Well, watch them and see. And laugh. Laugh at the so-funny-because-it's-true analysis of the absurdity of predicting the date of the Second Coming. Laugh at the silliness of American cultural Christianity, pointed up as only someone who has been through it can do. Squirm, perhaps, at some of uncomfortably weird theology and cosmology coming from an author who, I must nevertheless believe, is a Christian with his head screwed on right. Snicker while you squirm -- an effect common to so much comedy these days -- because, if you've been reading Mattress Police, you'll recognize many details of Diesel's portrait of heaven and hell as point-by-point allegory of his observations on life in the professional world. TV's sitcom "The Office" is funniest to those who have worked in similar situations. Mercury Falls takes that same deeply funny experience to a trasncendent level.

Before I buy this book for all my fundamentalist Christian friends and relatives (so I can rub their noses in it), and for some of my non-fundamentalist Christian loved ones (so they can laugh along with me), I want to leave you with a quote that, I hope, will give you an idea of the flavor of Diesel's humor and the childlike, angelic charm of his hero.
"No worries," Mercury said. "I think I've figured out a way for everyone to live happily ever after."

"Everybody?"

"Well, almost everybody. And not so much happy as only mildly disgruntled."

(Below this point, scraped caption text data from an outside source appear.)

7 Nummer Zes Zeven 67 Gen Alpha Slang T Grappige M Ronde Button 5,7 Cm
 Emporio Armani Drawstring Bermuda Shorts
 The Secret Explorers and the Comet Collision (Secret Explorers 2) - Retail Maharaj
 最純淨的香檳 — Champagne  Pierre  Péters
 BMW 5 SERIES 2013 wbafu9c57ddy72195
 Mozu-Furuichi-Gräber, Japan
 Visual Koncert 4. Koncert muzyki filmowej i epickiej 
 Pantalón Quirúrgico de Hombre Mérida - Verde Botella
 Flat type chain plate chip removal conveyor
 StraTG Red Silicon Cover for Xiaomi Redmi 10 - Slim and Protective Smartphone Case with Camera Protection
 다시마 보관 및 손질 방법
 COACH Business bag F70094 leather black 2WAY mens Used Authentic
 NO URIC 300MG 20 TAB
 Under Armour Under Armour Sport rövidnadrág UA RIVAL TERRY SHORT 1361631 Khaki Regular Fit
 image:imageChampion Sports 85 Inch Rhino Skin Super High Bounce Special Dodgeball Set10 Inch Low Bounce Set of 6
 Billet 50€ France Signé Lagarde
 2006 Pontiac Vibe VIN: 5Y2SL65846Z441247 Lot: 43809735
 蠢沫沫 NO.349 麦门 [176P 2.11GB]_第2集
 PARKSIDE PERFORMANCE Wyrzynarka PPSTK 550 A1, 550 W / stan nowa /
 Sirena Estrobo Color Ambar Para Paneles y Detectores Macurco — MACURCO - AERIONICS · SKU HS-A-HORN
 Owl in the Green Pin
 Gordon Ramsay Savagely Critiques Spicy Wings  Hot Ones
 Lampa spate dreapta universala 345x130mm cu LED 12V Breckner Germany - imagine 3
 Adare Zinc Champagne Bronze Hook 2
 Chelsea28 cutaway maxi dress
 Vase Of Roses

"And the 'ever after' part?"

"Actually," said Mercury thoughtfully, "it's more like 'for the very short term future.' So, to modify my original statement slightly, I've probably found a way to keep almost everyone from becoming more than mildly disgruntled for the very near future."
Many people may never hear about Diesel's hilarious book. Some may be more than mildly disgruntled by it. May you be among those in between, who experience for yourself the spiritually healing power of laughter... even if some of it is at yourself. Don't expect the earnestness of a Left Behind novel, or the chaste pastiness of a church-library-friendly piece of religious fiction. Prepare, instead, for a test of whether an adult fantasy about Armageddon can pull the nose of American Christianity without taking a dump on the faith once delivered. I would like to chat with Diesel sometime about precisely where he is coming from. But where he's going is clear. Based on this first novel, I see a great career in humorist fiction in store for him.